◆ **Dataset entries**
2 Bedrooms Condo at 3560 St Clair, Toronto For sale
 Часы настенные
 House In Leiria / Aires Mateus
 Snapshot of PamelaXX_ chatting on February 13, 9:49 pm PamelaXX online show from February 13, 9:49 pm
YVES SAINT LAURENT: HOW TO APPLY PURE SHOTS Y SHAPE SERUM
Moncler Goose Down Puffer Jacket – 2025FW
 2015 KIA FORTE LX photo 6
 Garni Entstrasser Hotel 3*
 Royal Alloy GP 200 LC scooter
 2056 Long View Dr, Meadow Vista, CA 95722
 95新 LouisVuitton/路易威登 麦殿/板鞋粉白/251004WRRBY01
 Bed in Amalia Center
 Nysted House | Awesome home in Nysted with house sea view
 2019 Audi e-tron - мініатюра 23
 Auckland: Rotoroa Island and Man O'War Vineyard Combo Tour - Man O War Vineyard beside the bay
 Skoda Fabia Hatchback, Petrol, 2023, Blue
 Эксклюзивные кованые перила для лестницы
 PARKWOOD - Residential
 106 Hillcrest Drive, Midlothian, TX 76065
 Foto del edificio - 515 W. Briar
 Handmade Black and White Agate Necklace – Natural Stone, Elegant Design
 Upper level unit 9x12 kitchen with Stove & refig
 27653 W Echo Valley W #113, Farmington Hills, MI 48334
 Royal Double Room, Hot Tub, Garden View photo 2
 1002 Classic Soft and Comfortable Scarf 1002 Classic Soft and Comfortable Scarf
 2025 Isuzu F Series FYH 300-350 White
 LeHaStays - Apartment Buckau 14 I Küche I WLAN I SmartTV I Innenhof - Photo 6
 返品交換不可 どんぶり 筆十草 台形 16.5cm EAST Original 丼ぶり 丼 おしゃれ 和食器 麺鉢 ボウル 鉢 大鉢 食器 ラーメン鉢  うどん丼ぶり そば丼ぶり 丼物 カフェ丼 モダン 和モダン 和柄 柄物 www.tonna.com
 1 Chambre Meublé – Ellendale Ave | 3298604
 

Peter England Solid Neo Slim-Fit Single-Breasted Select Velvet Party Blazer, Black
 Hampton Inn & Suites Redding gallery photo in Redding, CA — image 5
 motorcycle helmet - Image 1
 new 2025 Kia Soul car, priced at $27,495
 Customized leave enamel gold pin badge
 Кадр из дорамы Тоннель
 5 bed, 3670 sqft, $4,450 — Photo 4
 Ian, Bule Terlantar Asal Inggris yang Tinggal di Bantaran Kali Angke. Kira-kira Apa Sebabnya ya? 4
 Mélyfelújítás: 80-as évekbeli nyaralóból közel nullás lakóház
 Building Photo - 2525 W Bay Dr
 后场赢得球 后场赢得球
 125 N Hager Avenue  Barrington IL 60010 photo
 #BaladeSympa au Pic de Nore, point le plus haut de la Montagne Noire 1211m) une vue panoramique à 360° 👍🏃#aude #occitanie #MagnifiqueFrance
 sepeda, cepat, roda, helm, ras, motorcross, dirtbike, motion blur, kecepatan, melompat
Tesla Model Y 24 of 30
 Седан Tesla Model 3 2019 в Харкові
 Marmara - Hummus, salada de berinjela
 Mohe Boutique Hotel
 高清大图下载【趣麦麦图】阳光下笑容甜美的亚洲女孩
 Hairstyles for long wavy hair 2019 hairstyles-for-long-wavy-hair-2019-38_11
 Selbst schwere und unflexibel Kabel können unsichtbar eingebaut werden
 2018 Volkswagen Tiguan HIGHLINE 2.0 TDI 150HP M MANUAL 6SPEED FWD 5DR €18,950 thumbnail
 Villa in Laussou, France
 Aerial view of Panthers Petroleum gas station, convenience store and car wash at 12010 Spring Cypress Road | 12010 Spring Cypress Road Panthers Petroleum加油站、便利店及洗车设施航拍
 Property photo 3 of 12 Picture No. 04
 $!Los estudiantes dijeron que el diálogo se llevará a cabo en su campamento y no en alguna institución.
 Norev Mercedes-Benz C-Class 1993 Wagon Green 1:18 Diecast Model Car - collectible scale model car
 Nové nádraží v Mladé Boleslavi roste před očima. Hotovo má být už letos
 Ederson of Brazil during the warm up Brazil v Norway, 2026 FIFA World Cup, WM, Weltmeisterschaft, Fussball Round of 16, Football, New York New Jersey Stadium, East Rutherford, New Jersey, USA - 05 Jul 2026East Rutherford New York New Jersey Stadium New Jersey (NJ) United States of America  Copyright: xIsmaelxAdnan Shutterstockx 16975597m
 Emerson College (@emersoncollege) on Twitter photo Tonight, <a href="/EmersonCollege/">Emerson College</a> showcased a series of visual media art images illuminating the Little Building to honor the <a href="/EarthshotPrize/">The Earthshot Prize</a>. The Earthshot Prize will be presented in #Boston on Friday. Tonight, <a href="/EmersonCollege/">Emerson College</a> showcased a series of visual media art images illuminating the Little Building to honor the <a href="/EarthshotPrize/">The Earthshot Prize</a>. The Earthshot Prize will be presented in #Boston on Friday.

◆ **What is required**
Work out how many lines of the entries include the word "Royal", and respond with that number and nothing more.

◆ **Answer area**
2